As a child of the sixties. large classrooms were commonplace. There were fifty-four pupils in my class and one teacher. It was easy to feel invisible, and as a quiet child voiceless and unimportant. The louder children drowned out my attempts to speak, and I lost confidence in who I was. I came to believe that what I had to say was of no value. Having a critical parent exacerbated this. I learned to see other people as rivals, their voices and opinions threatened my fragility and I fought for autonomy.
Therefore, the call to Grow up by Growing Little was very challenging for me. I was still that little girl who felt erased by the perceived confidence of others. Having to forego my own self-importance felt self-defeating. A voice inside me was screaming, “What about me?”
However, after a couple of years in Grow, I now understand this is no longer true or necessary. One person’s voice does not silence mine. There are no rivals, we are all on the same team. Communicating and Connecting with each other, trying to break down the existential aloneness we all endure. We are indeed essential links to each other.
Growing in Maturity tell us, “There is a time to be silent and a time to speak”. That silence can respect the other person when we listen and truly hear what they have to say. Listening is a skill I have had to learn, knowing it is a gift we bestow on someone else. This gift is a mutuality, the time will come when I am the one who is being listened to.

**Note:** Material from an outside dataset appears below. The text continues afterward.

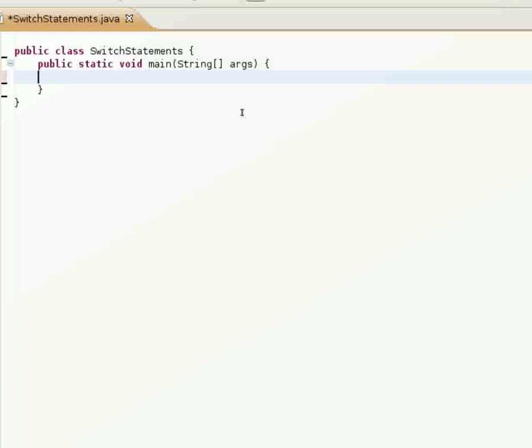If-else statements are based off of true and false. Switch statements are actually based off of the value of a variable. I'll show you how to do that here.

I have learned to ask the proper questions. From “When is it my turn to speak”, to “How can I properly respond to the person in front of me”. “When do I step forward and assert myself”, to “When do I stand back”. Standing back is a level of maturity. It enables me to grow out of the self-centeredness, to hand over the gift of compassion that was inside me all along. My contribution does not deplete my identity in any way. On the contrary, it allows me to recognise the gifts I have for empathy, the knowledge my own suffering has taught me.